I envisioned provided this with some kind of "Async Debugging Protocol" that is analogous to the Language Server Protocol. It's not really clear what this would be exactly, and there may be a better approach to solving these problems. For live debugging, it may be as simple as a few traits the executor can implement that provide introspection capabilities. For crash dumps, maybe there's a convention around including a couple of debugging symbols. It might require some kind of rich metadata format that tells the debugger how to inspect and interpret the core data structures for the executor.

What is the "most shiny" about this future?

The biggest aspect of this shiny future is the increased developer productivity, particularly in debugging. Many of the status quo stories called out the difficulty of debugging async code. In this shiny future, there are really good tools for live debugging, and many of these work offline in the crash dump case as well.
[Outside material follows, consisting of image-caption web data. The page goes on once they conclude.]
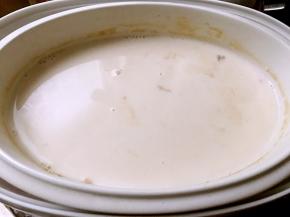 炖到浓稠就可以捞出玫瑰花姜片不要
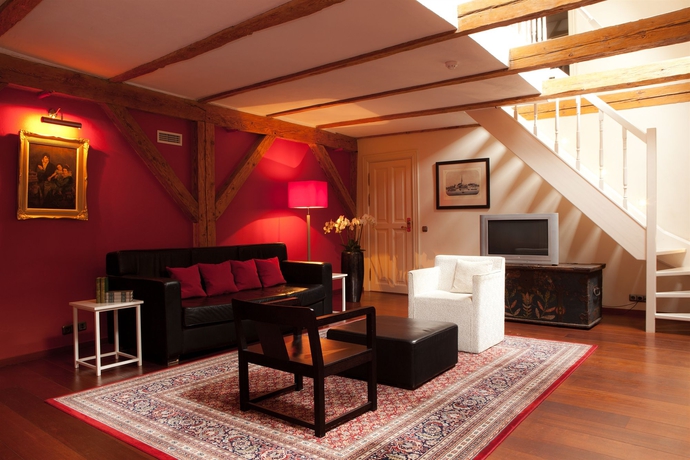 Imagen de los interiores del Hotel Three Sisters. Foto 10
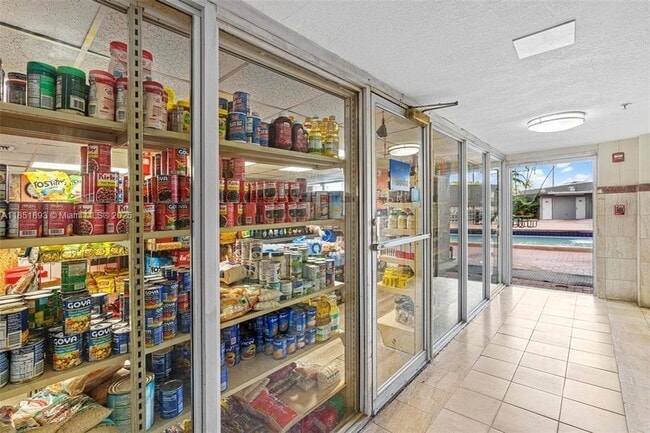 1800 NW 24th Ave in Miami, FL - Building Photo - Building Photo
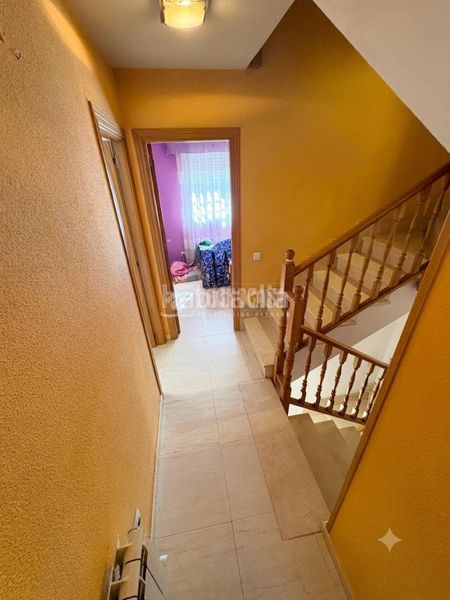 Foto aa044376-304b-4949-aa1c-ac2f2e673ff1. Casa aparellada amb aparcament a Hispanoamérica-Comunidades Valdemoro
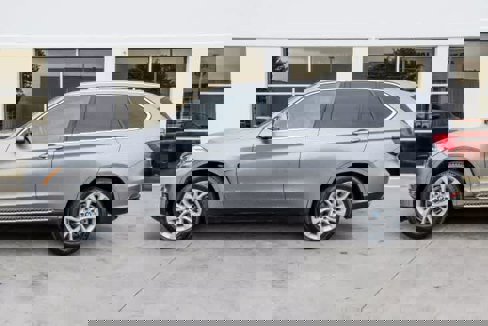 Used 2018 BMW X5 sDrive35i image 12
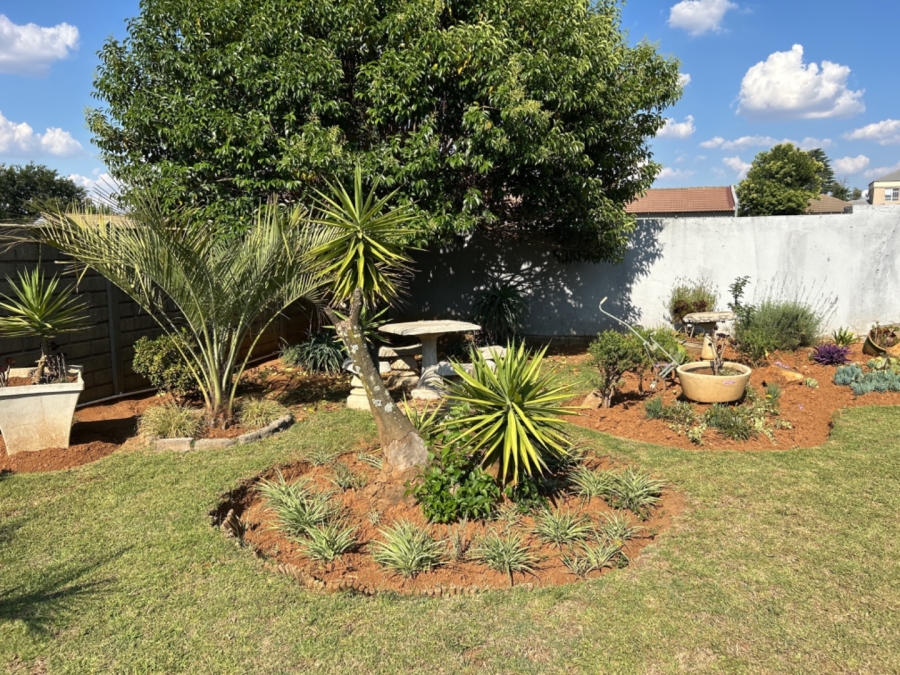 3 Bedroom Property for Sale in Crystal Park Gauteng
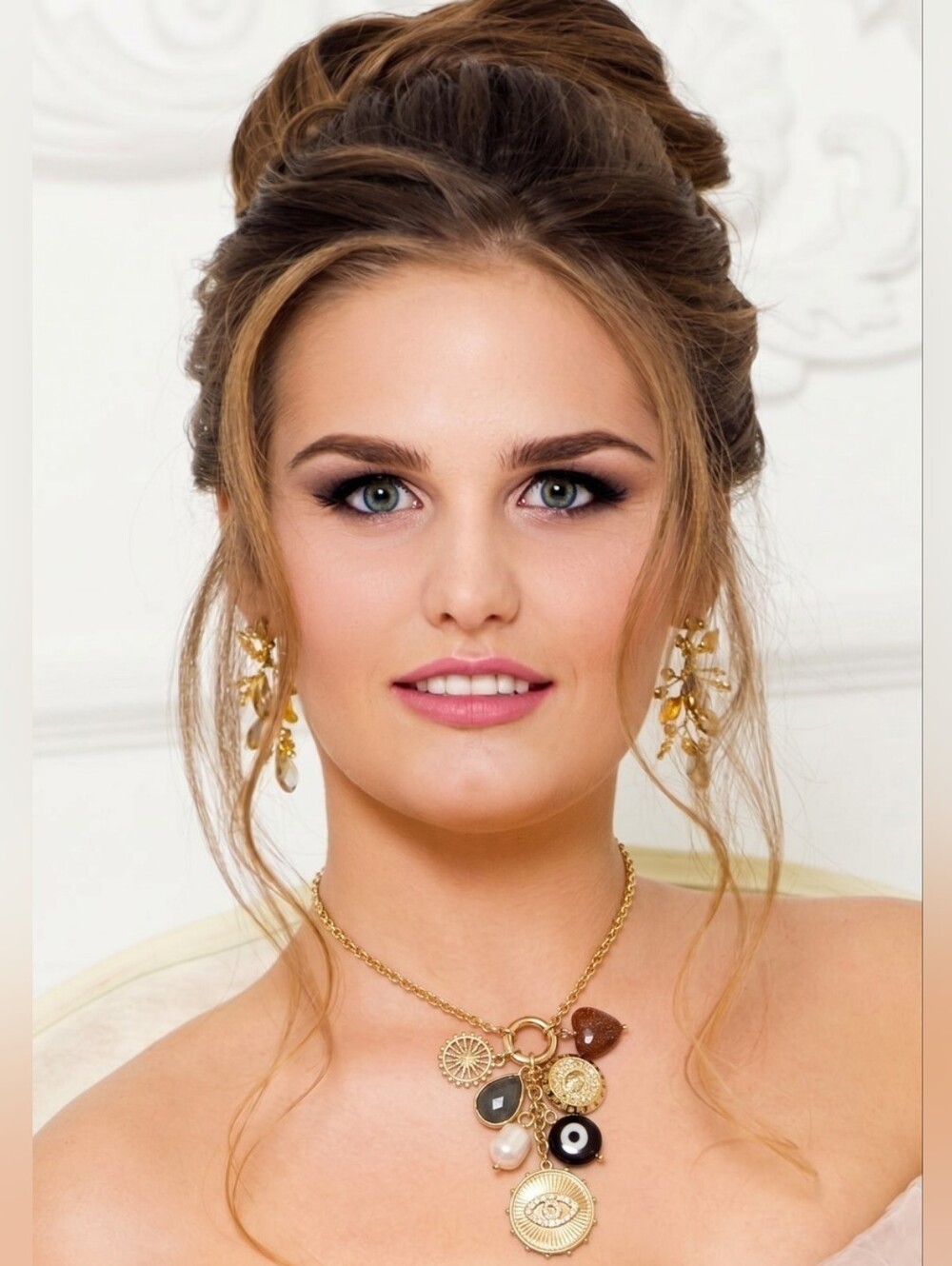 💛▪️Persimmon ▪️Gold Tone Celestial Charm 17in  Necklace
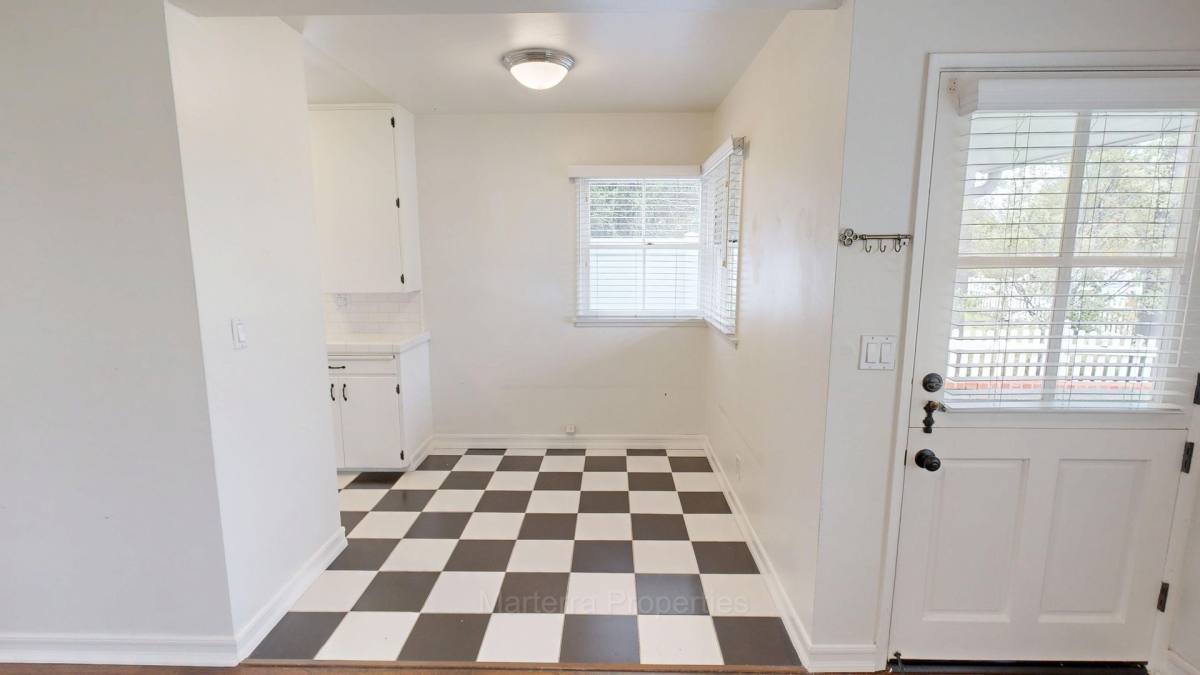 Apartment for rent at 393 & 395 Broadway, Costa Mesa, CA 92627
As a follow-on, the enhanced developer productivity will support writing more correct and safer programs, and probably allow developers to diagnose performance problems as well. These are a direct consequence of better debugging, but rather an indirect consequence of giving the developer better tools.
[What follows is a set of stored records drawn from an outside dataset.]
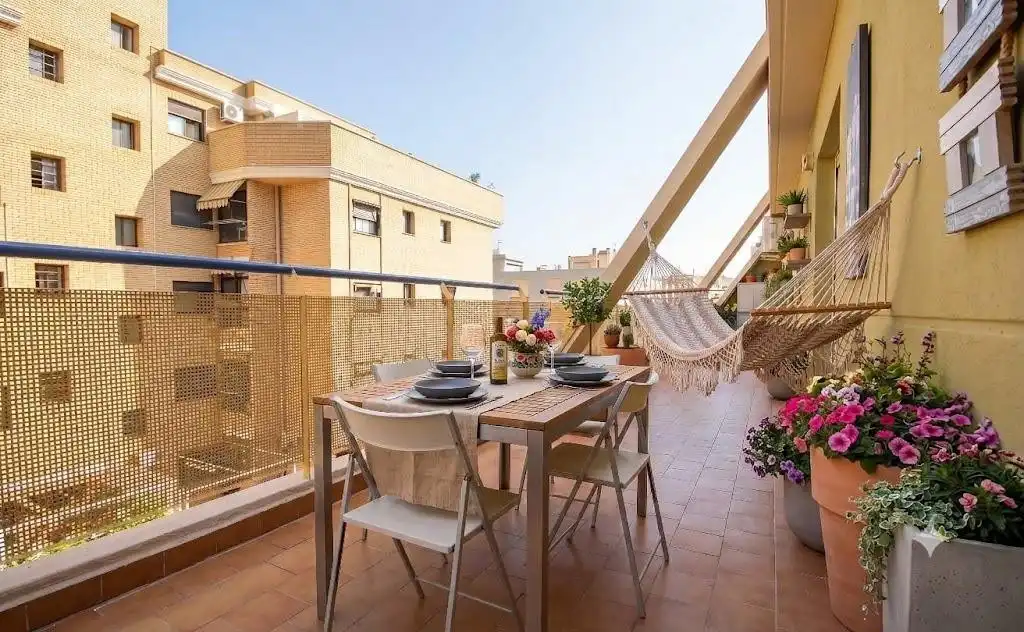 Ático con ascensor en venta en Calle ISLA PLANESIA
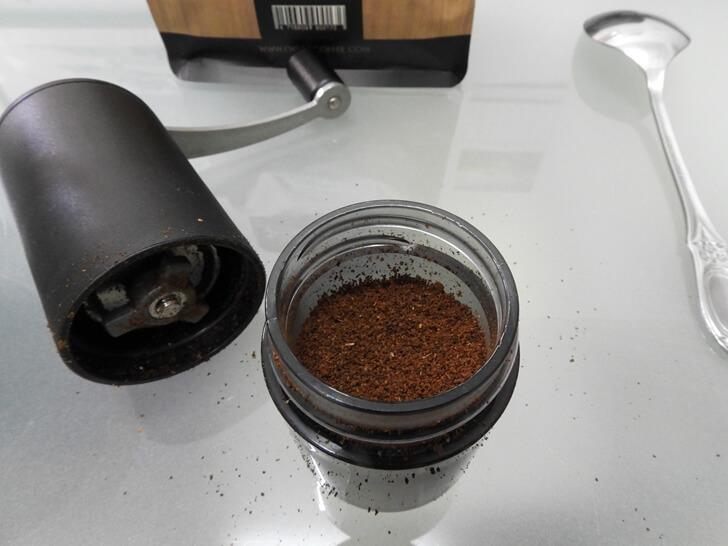 手搖研磨完成的咖啡粉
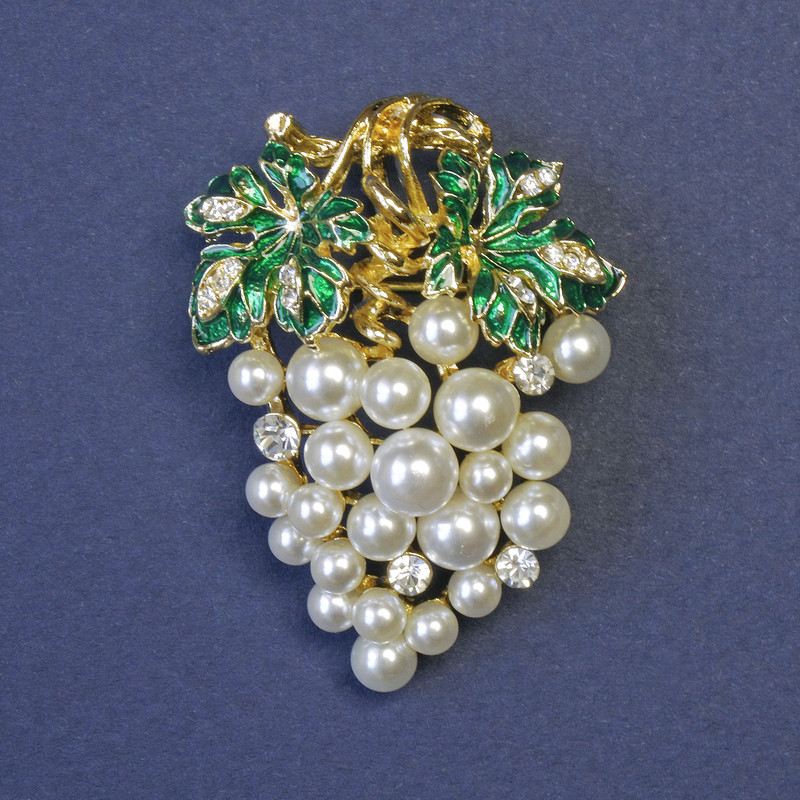 Brooch pendant Grapes of Vines with White Pearls 45x30mm± green enamel gold-tone metal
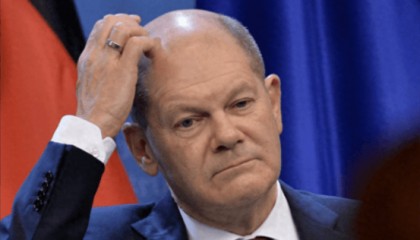 墙倒众人推!德国突发政治地震:6成德国人要求朔尔茨立即下台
What are some of the potential pitfalls about this future?

Depending on how the "Async Debugging Protocol" works, there may be some overhead in following it. Hopefully this would be minimal, and not require any additional code during normal execution scenarios. But, it might make the debugging symbols or other metadata larger. Following the protocol may constrain some of the choices an async runtime can make.
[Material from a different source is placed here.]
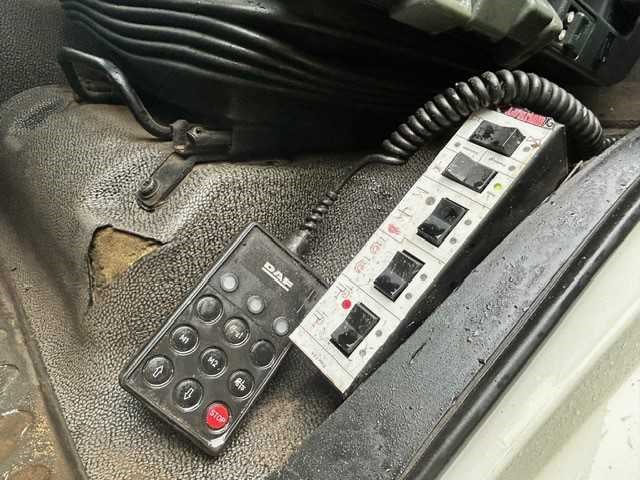 2008 daf lf55 containersysteem + 2 containers - afbeelding 20 van  31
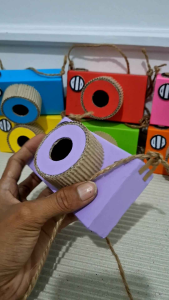 Prakarya Camera dari Kardus dan Kertas Warna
At the very least, choosing to follow the protocol will require additional work on the part of the runtime implementor.

Did anything surprise you when writing this story? Did the story go any place unexpected?

Doing this in a way that is runtime and tooling agnostic will be challenging, so the details of how that could be done are not included in this story.

In some ways, doing this for a live process seems easier, since you can write code that inspects or reports on its own state. This seems to be the approach that tokio-console is taking.

There seems to be a lot of overlap between live debugging scenarios and post-mortem scenarios. With a little care, it might be able to support both using many of the same underlying capabilities.

What are some variations of this story that you considered, or that you think might be fun to write? Have any variations of this story already been written?

It would be worth removing the runtime agnostic aspect of this story and looking at how things would look if we just focused on Tokio or async-std. Perhaps each runtime would include a set of debugger macros to help find the runtime's state.

What are some of the things we'll have to figure out to realize this future? What projects besides Rust itself are involved, if any? (Optional)

A lot of the work here probably will not be done by the core Rust team, other than perhaps to coordinate and guide it. Most of the work will require coordination among projects like Tokio and async-std, as well as the debugging tool authors.

There does not seem to be an obvious way to implement everything in this story. It would probably be good to focus on a particular runtime at least to get a proof of concept and better sketch out the requirements.